[Captioned web image data]
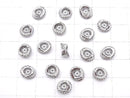 Metal parts Rondelle 7x7x4mm Silver (with CZ) 2pcs
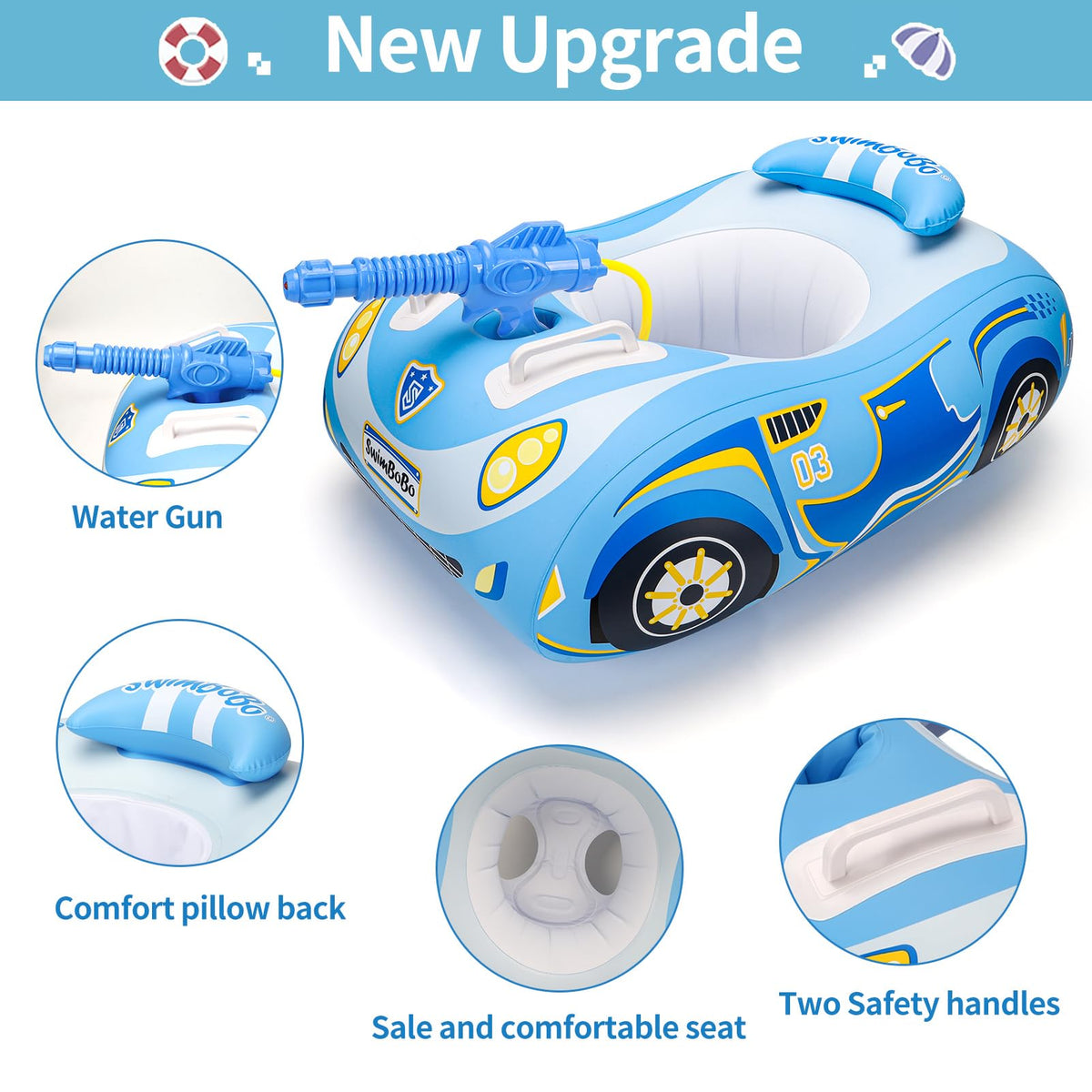 Free Swimming Baby Swimbobo toddler pool float offers safe support for kids.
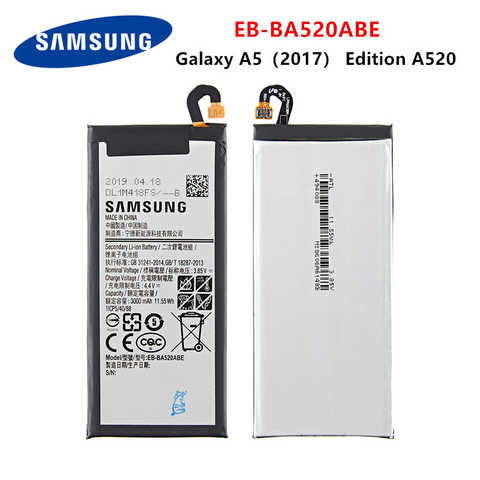 Оригинальный аккумулятор SAMSUNG EB-BA520ABE, аккумулятор 3000 мАч для Samsung Galaxy A5 2017 Edition A520 SM-A520F A520K A520L A520S A520W A520F/DS 1005002354476202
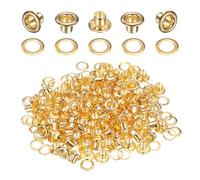 QUARKZMAN 100 Jeux De Oeillets 3mm 1/8 Pouce Kit Oeillets En Laiton Avec Rondelles Pour Tissu Rideau Bâche Ceinture En Cuir Chaussures Sac DIY, Or
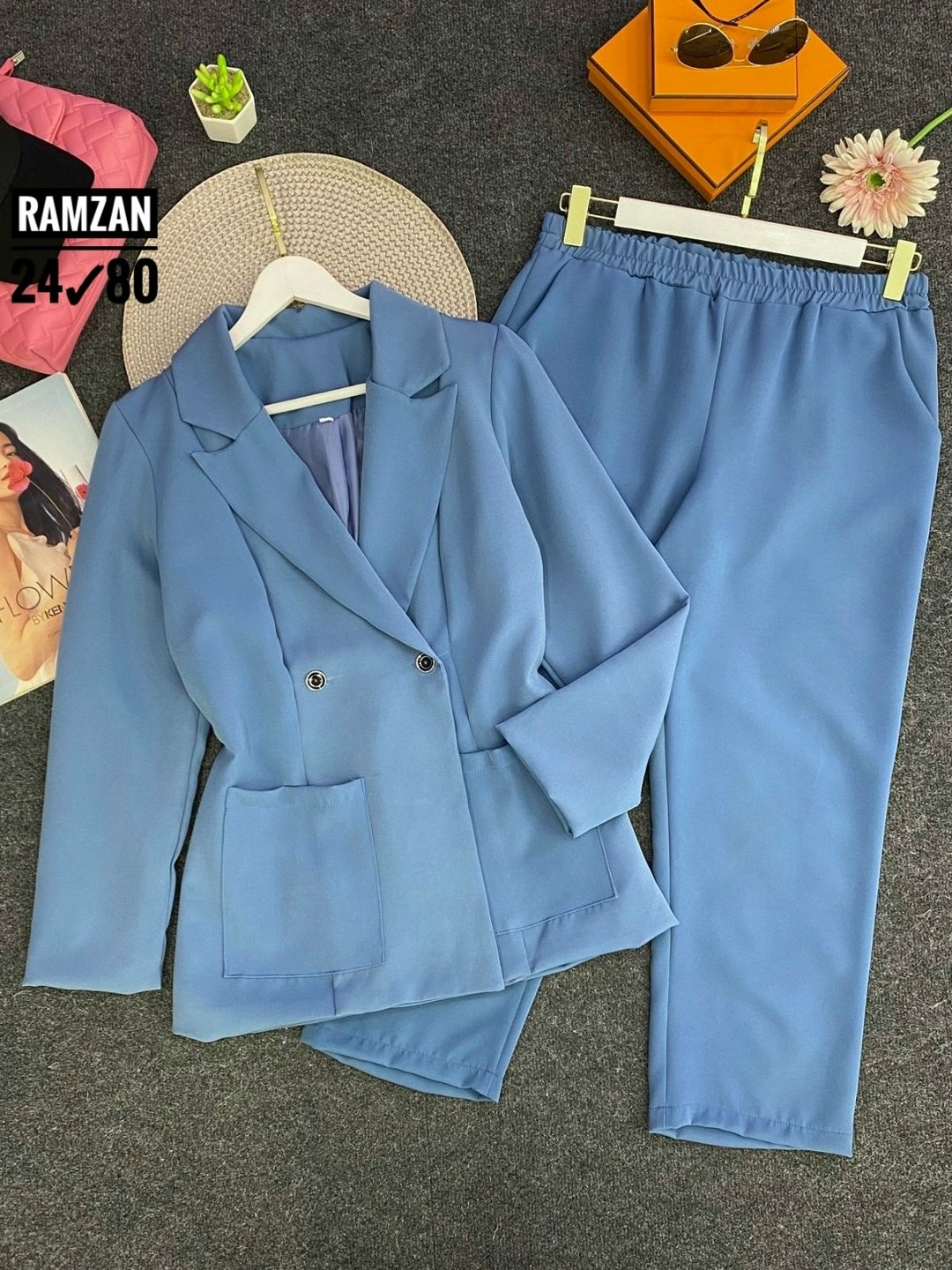 комплект брючный anastasia 549,женские костюмы брючные,костюм брючный синий,брючный костюм женский большие размеры,брючный костюм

#### EXERCISE:
Copy the data exactly. Pictures do not belong in the copy.

#### TASK OUTPUT:
 Metal parts Rondelle 7x7x4mm Silver (with CZ) 2pcs
 Free Swimming Baby Swimbobo toddler pool float offers safe support for kids.
 Оригинальный аккумулятор SAMSUNG EB-BA520ABE, аккумулятор 3000 мАч для Samsung Galaxy A5 2017 Edition A520 SM-A520F A520K A520L A520S A520W A520F/DS 1005002354476202
 QUARKZMAN 100 Jeux De Oeillets 3mm 1/8 Pouce Kit Oeillets En Laiton Avec Rondelles Pour Tissu Rideau Bâche Ceinture En Cuir Chaussures Sac DIY, Or
 комплект брючный anastasia 549,женские костюмы брючные,костюм брючный синий,брючный костюм женский большие размеры,брючный костюм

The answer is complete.